Accessing TOIN Data Programmatically

For debugging or custom analysis, access the TOIN singleton directly:

from headroom.telemetry.toin import get_toin

toin = get_toin()
stats = toin.stats()
print(f"Recorded {stats.total_compressions} compressions across {len(stats.patterns)} patterns")

Summary

TOIN transforms Headroom from a static compression system into a continuously improving intelligence network:

  • Observation hooks in headroom/transforms/smart_crusher.py and headroom/transforms/content_router.py capture every compression outcome without impacting request latency.
  • Offline learning aggregates patterns across tenants and models to calculate optimal keep ratios and error-field importance.
  • Recommendation files provide the Rust proxy with bias weights that improve drop decisions while maintaining deterministic behavior.
  • Retrieval feedback from CCR closes the learning loop, ensuring rarely-needed data becomes harder to drop over time.

Frequently Asked Questions

Does enabling TOIN affect the determinism of compression results?
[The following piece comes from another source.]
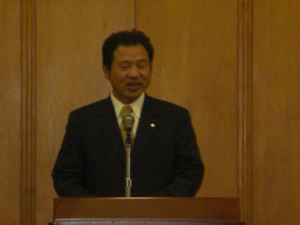 会員拡大研修委員会活動報告:若林委員長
No. TOIN follows an observation-only contract (PR-B5) that prevents it from mutating running requests. The compression pipeline remains deterministic—the same input always produces the same output—because learning happens offline and recommendations are loaded as static configuration at startup.

How does TOIN know which fields contain errors?

TOIN tracks field_semantics.inferred_type statistics across compression events. When it observes fields consistently marked as error_indicator, it assigns higher importance scores to those fields in the recommendations.toml file, ensuring the Rust proxy preserves error information during aggressive compression.

Where is TOIN data stored and how is it secured?

By default, TOIN uses a filesystem backend defined in headroom/telemetry/backends/file.py that writes to toin.json. Data is aggregated per-tenant using auth_mode identifiers, ensuring multi-tenant isolation. You can verify storage location and permissions through the TOINConfig backend settings.

Can I use TOIN recommendations without running the offline CLI continuously?

Yes. The headroom.cli.toin_publish CLI is designed to run periodically (e.g., daily) to generate updated recommendations.toml files. The Rust proxy loads these files at startup and does not require the CLI to be running during request processing, making TOIN suitable for air-gapped or batch-learned deployments.